Unfortunately, that also happens to be the bad news.
They have a lot of company, of course. The Department of Labor has several initiatives currently under way, the Government Accountability Office (GAO) has called for more transparency, and a number of lawsuits have been filed alleging all sorts of fiduciary malfeasance on the subject (a complaint filed against Cigna last week seemed to suggest that having investment management fees netted against the returns in a mutual fund was some kind of conspiracy - see CIGNA Latest Target of 401(k) Fee Suit). In view of all that activity, last week’s hearing before the House Education and Labor Committee was relatively sanguine (see Congressional Committee Hears 401(k) Fee Disclosure Testimony).
Not that there weren’t points of contention (but not as many as one might have thought)—and even a couple of moments of tension between those offering testimony. All in all, those seemed to be rare, however—after all, we appear to be at a period where everyone agrees that we need to provide participants and plan sponsors with better information about the fees assessed against their retirement plan balances.
Speaking on behalf of the American Benefits Council last week, Robert Chambers presented an intriguing analogy, noting that an automaker like Toyota no longer made cars—they assembled them, outsourcing the preparation of the various components. He made the point that consumers don’t know—or particularly care—what Toyota paid the individual subcontractors, they’re buying the total product. While it was a compelling image of how today’s 401(k) is put together, the analogy falls apart in two key aspects, IMHO. First, most of us buy our own vehicles, and not from a menu selected by our employer. Second, when I go to buy a car, I may not know (or care) how much the manufacturer paid its subcontractors—but I surely know how much I am expected to pay for that car.
Over the past thirty years, participants, and to a lesser extent, plan sponsors, have been lulled into a false sense of security about the fees they pay for these accounts. I don’t know how many actually believe these accounts are free, but I would imagine that a significant number of participants would be amazed at how much they are paying each year (that doesn’t mean those fees are necessarily unreasonable, by the way).
You can hear that same concern just below the surface of comments made by the defenders of the status quo—in between phrases about how “fragile” our current system is, and expressions of concern that participants might be so put-off by those revelations that they will eschew participation altogether.
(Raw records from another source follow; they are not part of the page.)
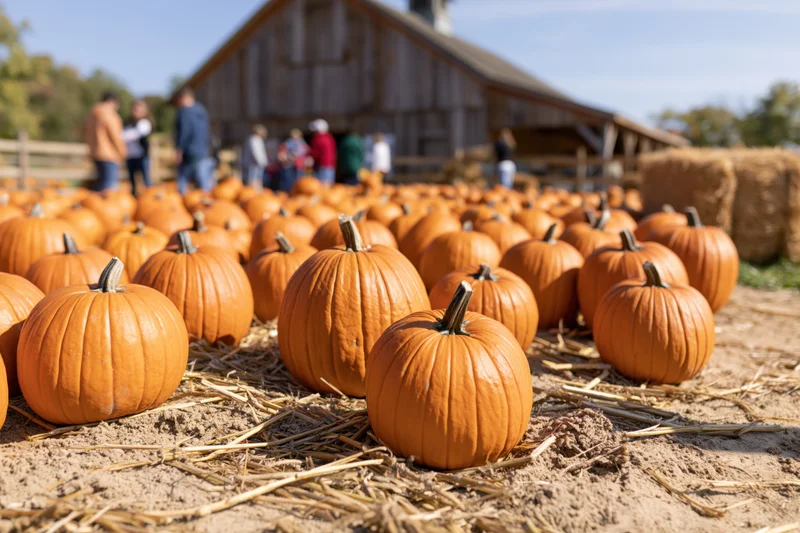 Pumpkins arranged in rows on straw-covered ground at a farm with a barn and people in the background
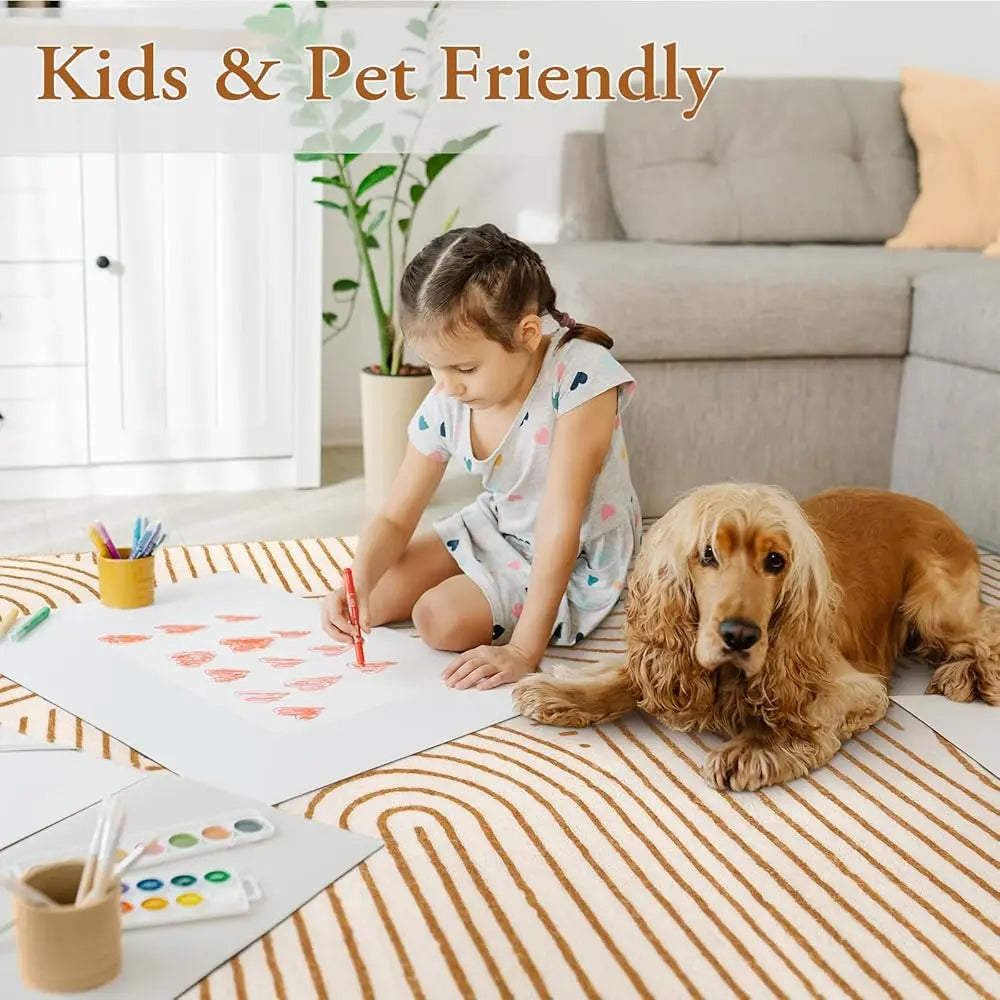 Washable Area Rug 5X7, Geometric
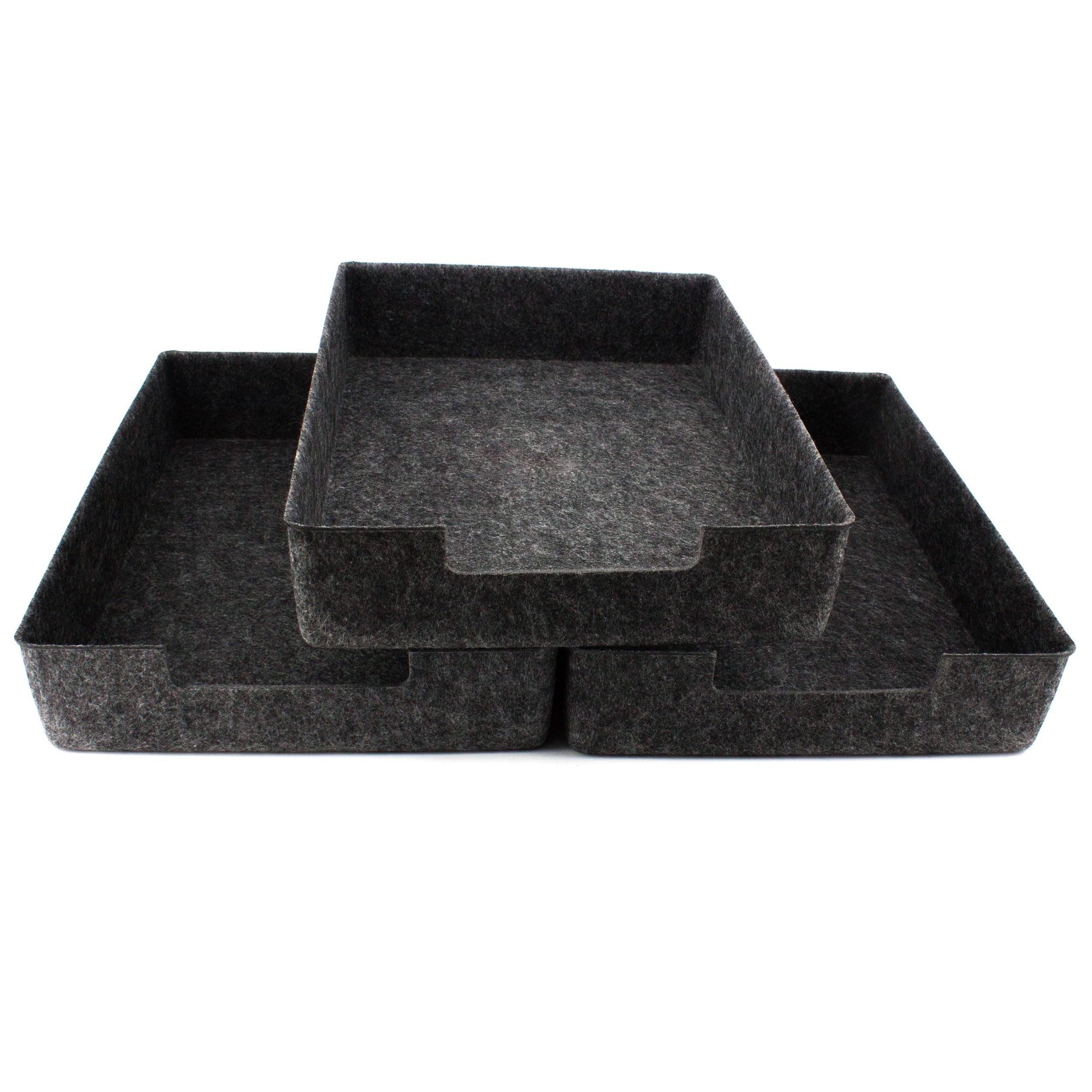 Set di 3 vassoi per documenti in feltro, formato DIN A4, dimensioni: 33,5 x 24,5 x 7 cm, grigio scuro, design impilabile, superficie cancellabile, ripiano per lettere, organizer da scrivania per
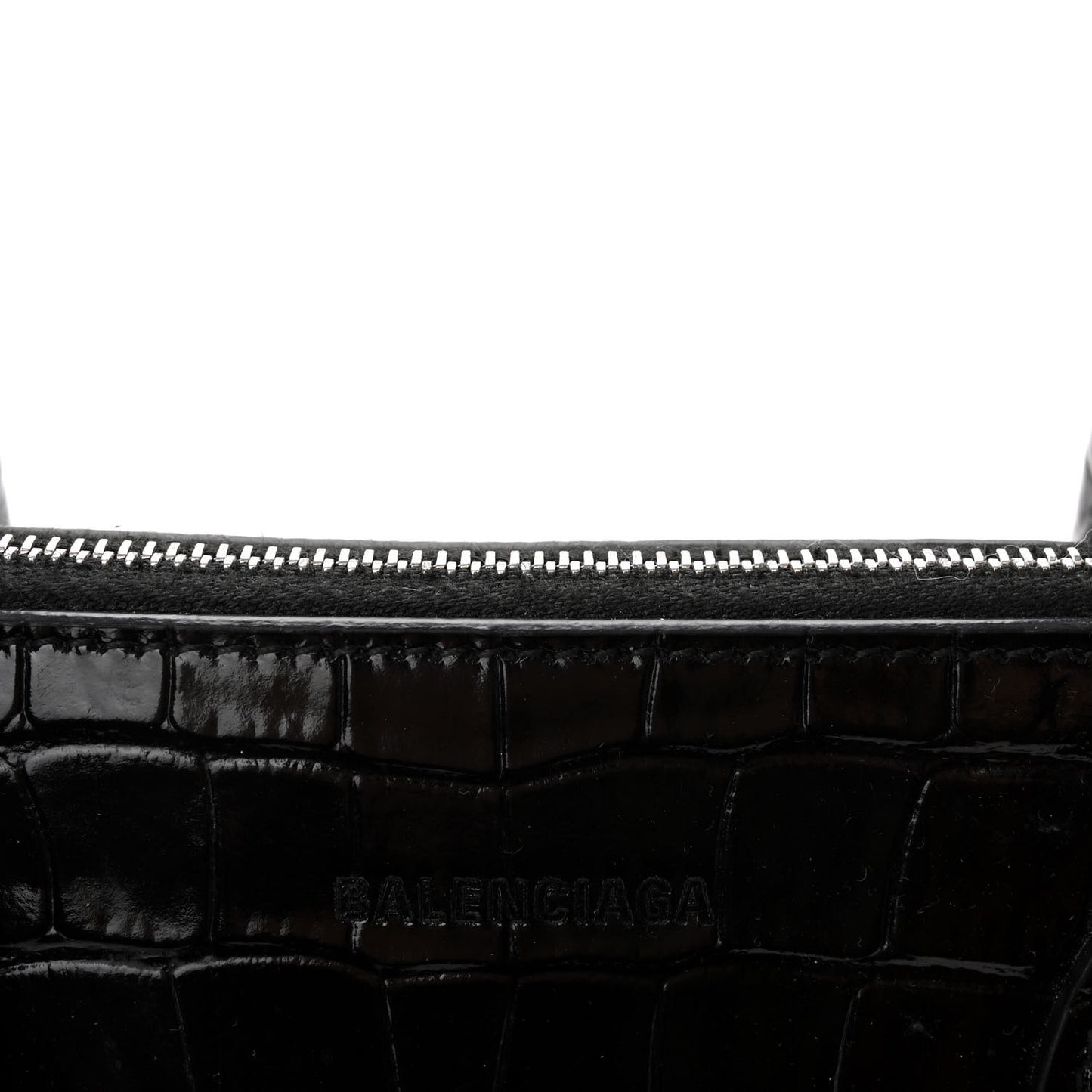 Shiny Calfskin Logo Crocodile Embossed S Ville Top Handle Bag Black White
It’s not that I don’t understand what they are trying to say, but I wonder sometimes if they have any idea how that line of reasoning sounds. The implication is clear, even to those who aren’t yet convinced there is a problem: If people actually knew how much they were being charged….
The devil, of course, lies in the details—and concerns about how that information will be constructed and shared (and, trust me, it will be shared) were also just below the surface during the hearing last week. The concerns are twofold; that the mandated structure will be prohibitively difficult or costly to produce, or that the complexity of the information and/or the mandate will render a meaningful disclosure impossible (think prospectus). Indeed, IMHO, the scariest aspect of last week’s hearing was that Congress might feel compelled to roll up its sleeves and “help.”
I’m not altogether sure that the industry can be trusted to heal itself, but I do believe that a growing number are confident enough in the value provided—and their ability to explain it—to do the right thing, to place a visible price tag on those services. After all, if you don’t know how much you’re paying—it’s hard to appreciate how much it’s worth!